▶ WHAT YOU SHOULD DO: Print out the data below in full and exactly, skipping the pictures.

--- RECORDED DATA ---

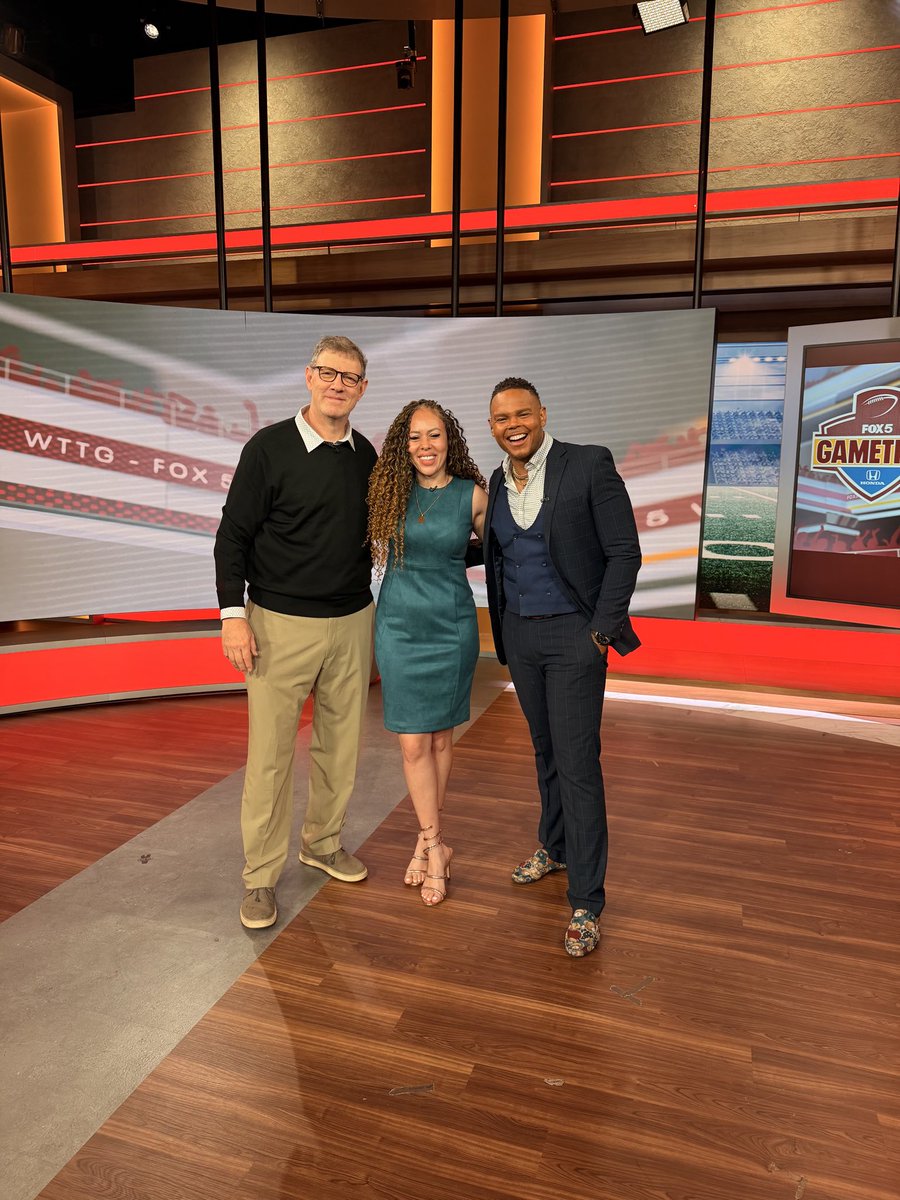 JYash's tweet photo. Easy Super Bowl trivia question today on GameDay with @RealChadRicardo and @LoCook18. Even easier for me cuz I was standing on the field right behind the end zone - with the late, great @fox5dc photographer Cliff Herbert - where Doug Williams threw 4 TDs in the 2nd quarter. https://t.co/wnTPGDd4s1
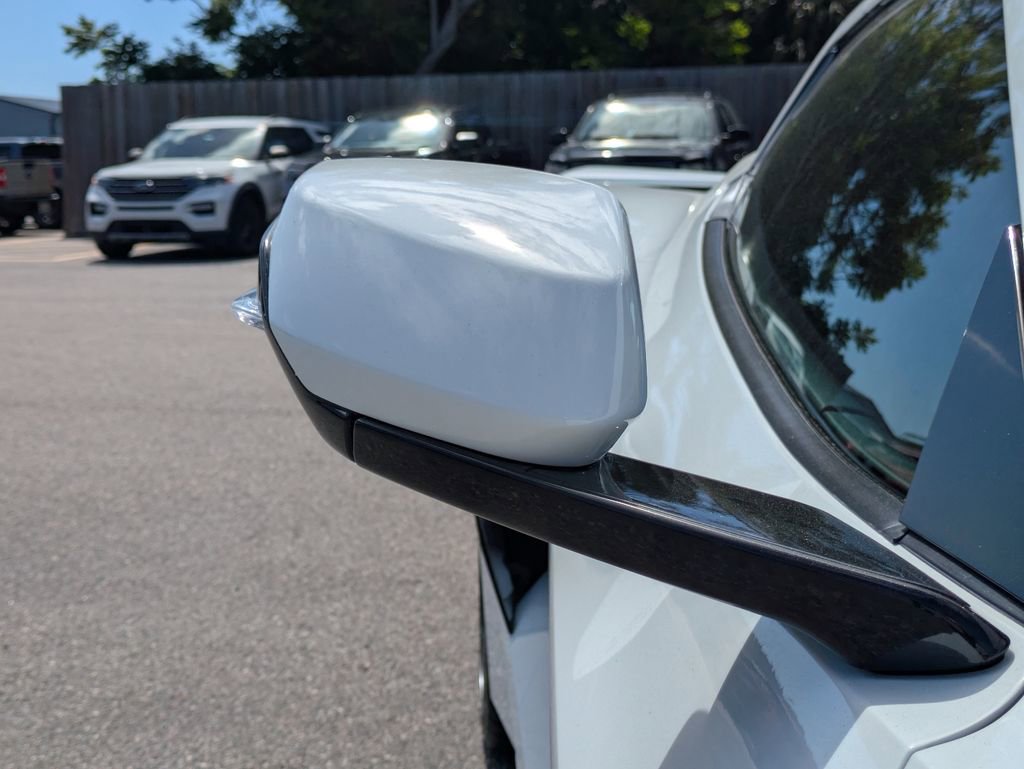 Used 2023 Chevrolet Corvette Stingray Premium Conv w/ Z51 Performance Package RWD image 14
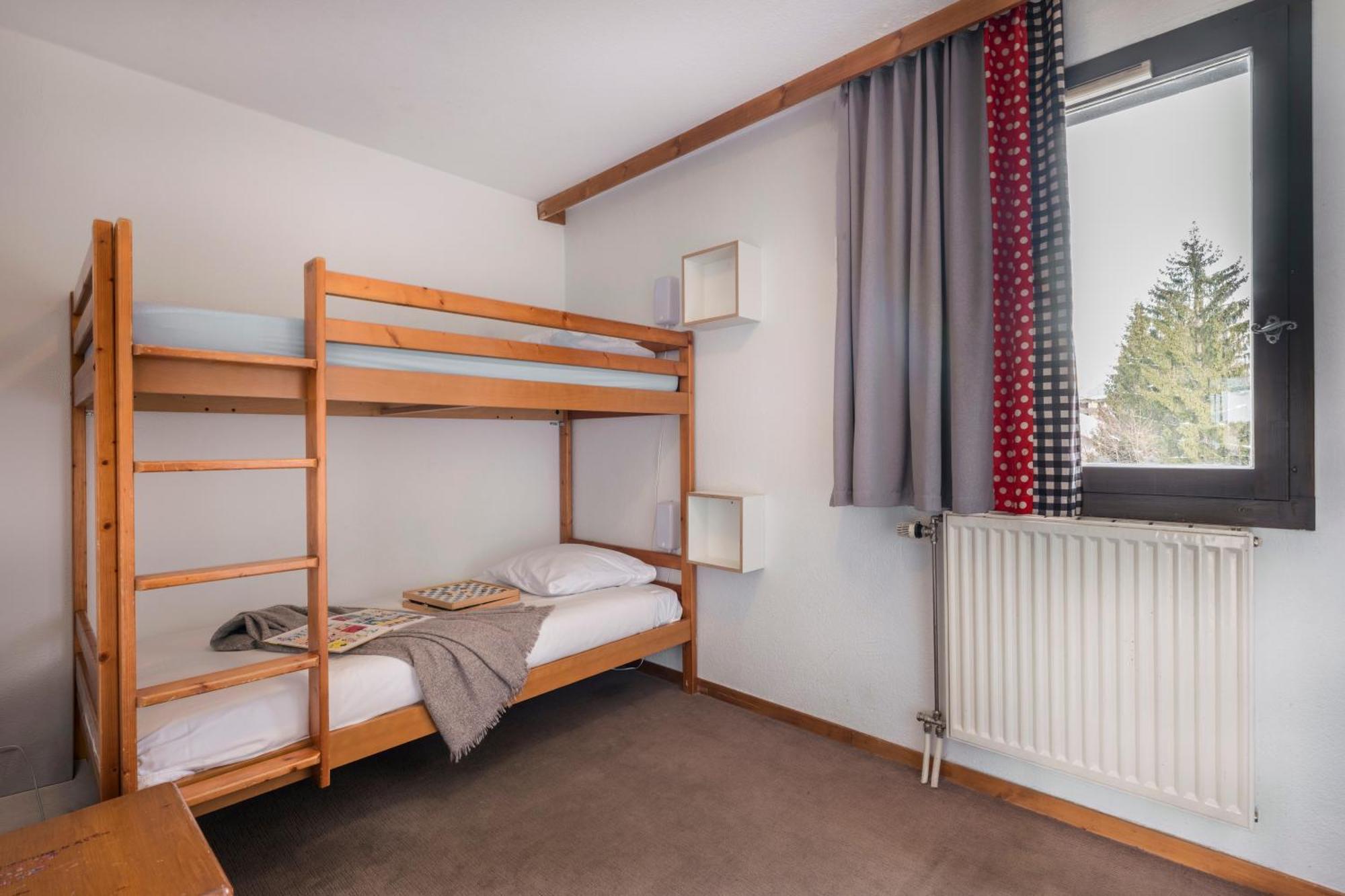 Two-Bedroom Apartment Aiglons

---

▶ EXERCISE SOLUTION:
 JYash's tweet photo. Easy Super Bowl trivia question today on GameDay with @RealChadRicardo and @LoCook18. Even easier for me cuz I was standing on the field right behind the end zone - with the late, great @fox5dc photographer Cliff Herbert - where Doug Williams threw 4 TDs in the 2nd quarter. https://t.co/wnTPGDd4s1
 Used 2023 Chevrolet Corvette Stingray Premium Conv w/ Z51 Performance Package RWD image 14
 Two-Bedroom Apartment Aiglons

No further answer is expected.